**Information provided:**
-----

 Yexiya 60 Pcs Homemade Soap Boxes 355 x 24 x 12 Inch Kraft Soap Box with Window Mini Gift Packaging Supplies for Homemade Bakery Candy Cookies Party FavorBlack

-----

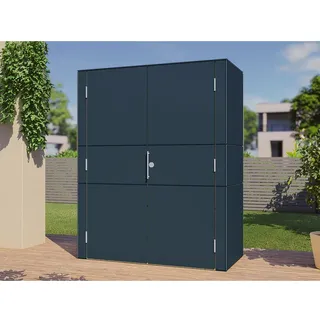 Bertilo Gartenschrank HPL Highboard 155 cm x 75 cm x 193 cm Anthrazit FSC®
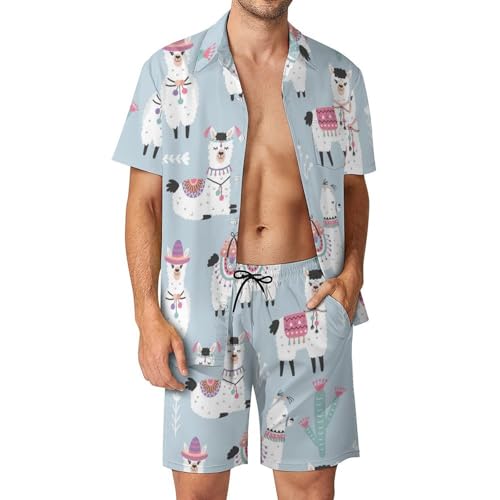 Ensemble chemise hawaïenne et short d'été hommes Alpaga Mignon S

-----

**Problem to solve:** Now transcribe the lines above exactly, starting at the line containing "Bertilo Gartenschrank HPL" and ending at the line containing "Ensemble chemise hawaïenne", both lines included, pictures excluded.

**Result below:**
 Bertilo Gartenschrank HPL Highboard 155 cm x 75 cm x 193 cm Anthrazit FSC®
 Ensemble chemise hawaïenne et short d'été hommes Alpaga Mignon S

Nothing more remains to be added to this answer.